DESCRIPTION OF THE TASK
Take the line containing "Brilliant Black Crystal" through the last line of the data and retype those lines exactly. Pictures do not belong in the copy.

[Stored items from a collection]
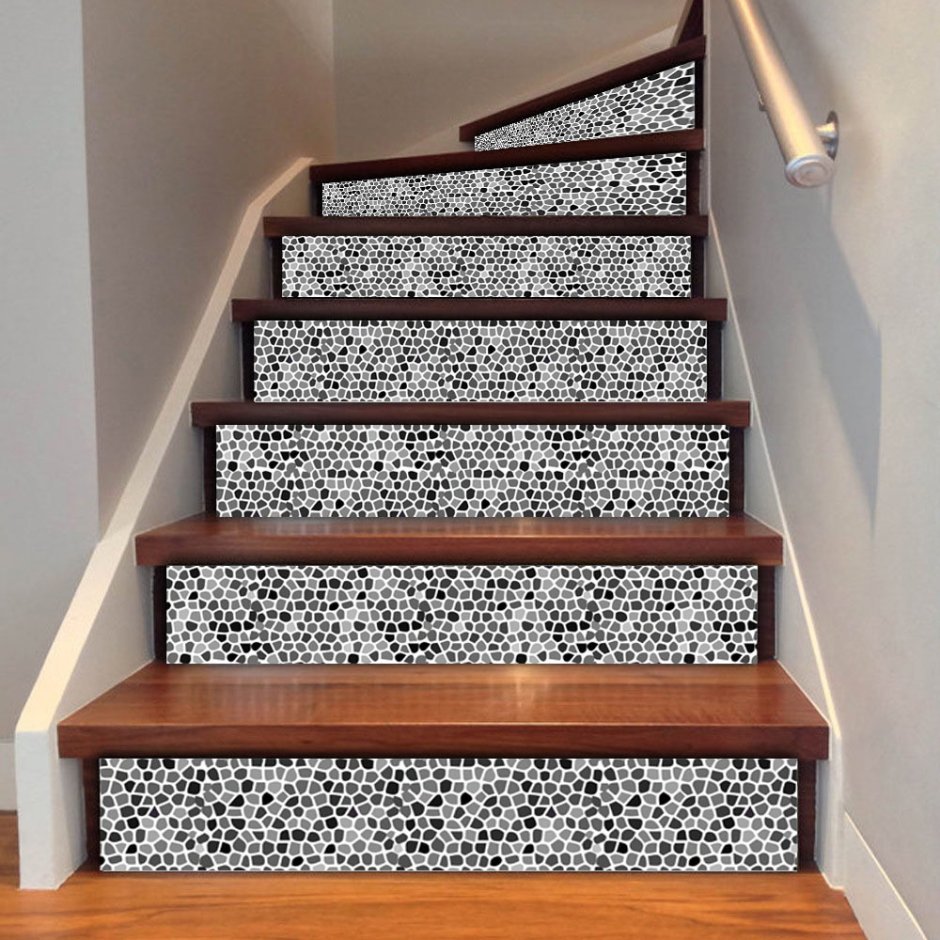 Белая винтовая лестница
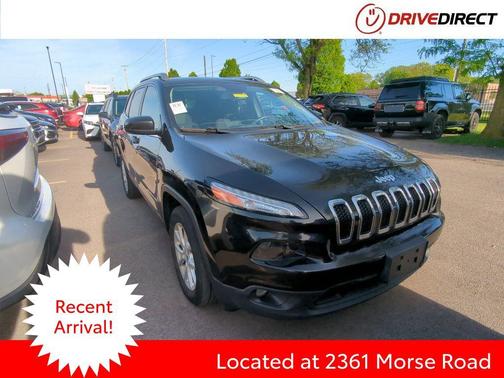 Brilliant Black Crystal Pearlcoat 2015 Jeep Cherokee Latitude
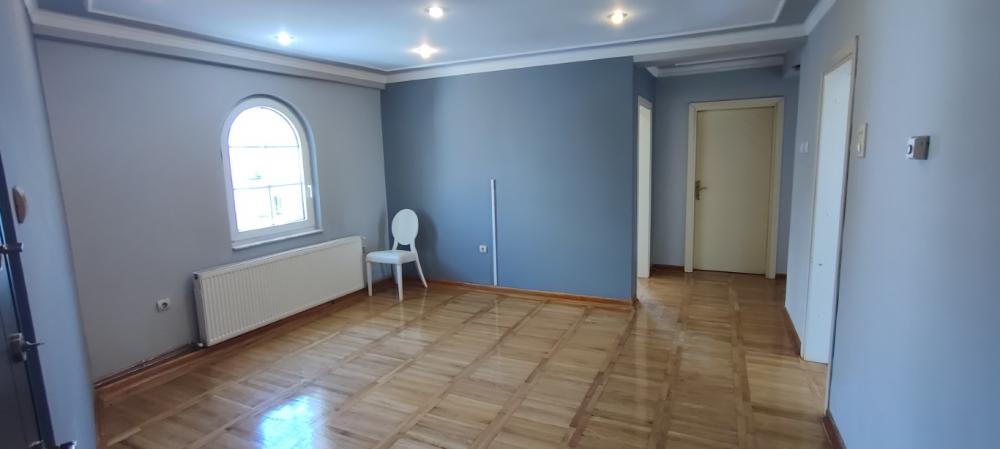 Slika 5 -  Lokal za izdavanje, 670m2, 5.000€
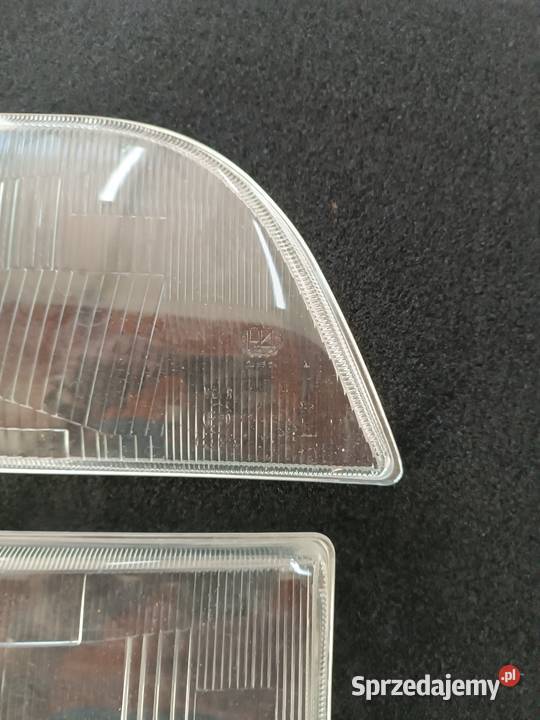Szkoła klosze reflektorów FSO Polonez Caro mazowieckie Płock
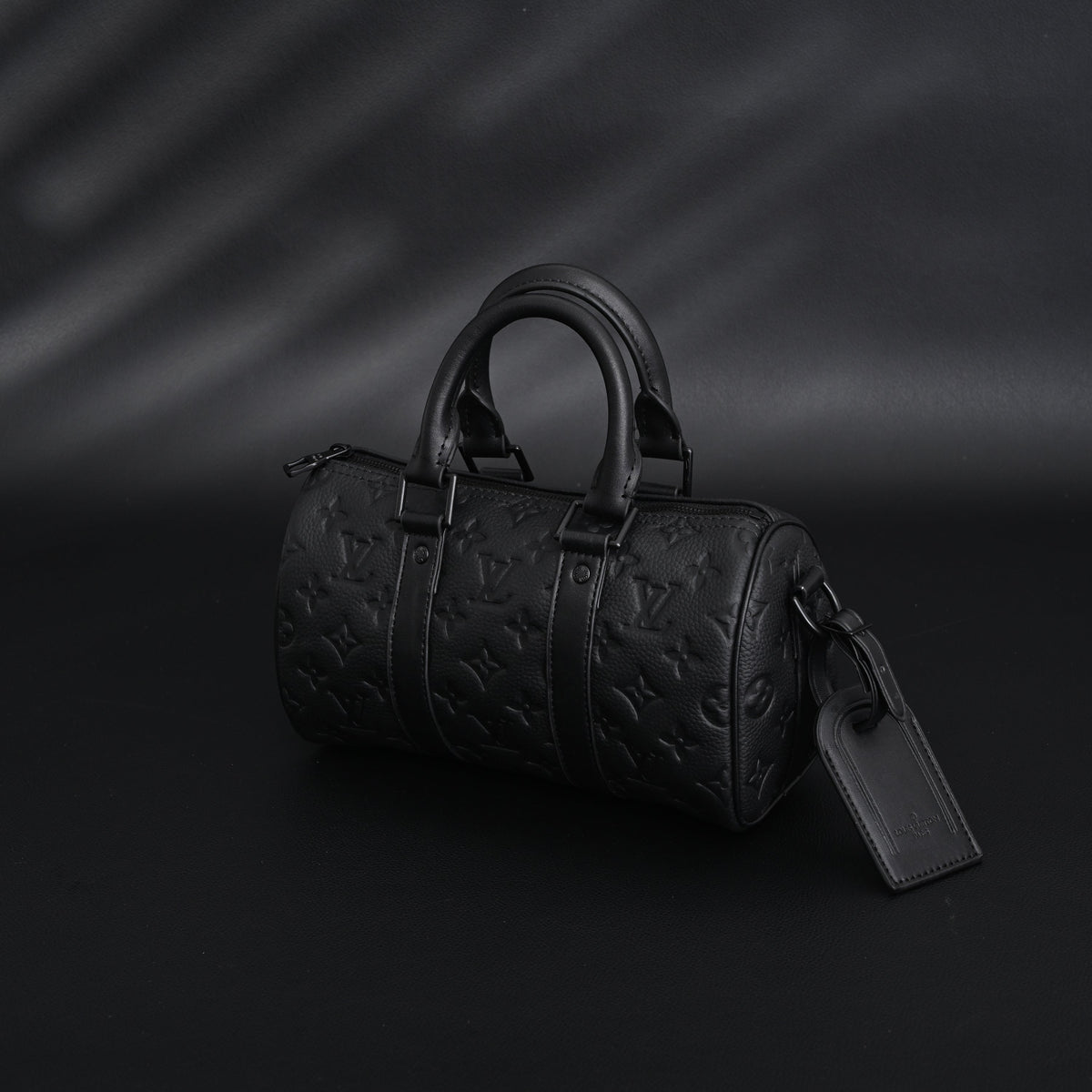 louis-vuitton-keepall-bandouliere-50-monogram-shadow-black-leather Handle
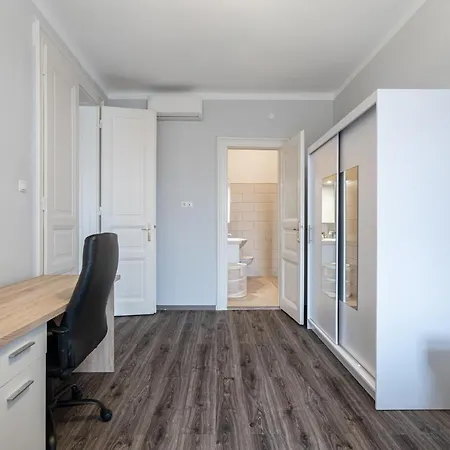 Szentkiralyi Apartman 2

THE ANSWER
 Brilliant Black Crystal Pearlcoat 2015 Jeep Cherokee Latitude
 Slika 5 -  Lokal za izdavanje, 670m2, 5.000€
Szkoła klosze reflektorów FSO Polonez Caro mazowieckie Płock
 louis-vuitton-keepall-bandouliere-50-monogram-shadow-black-leather Handle
 Szentkiralyi Apartman 2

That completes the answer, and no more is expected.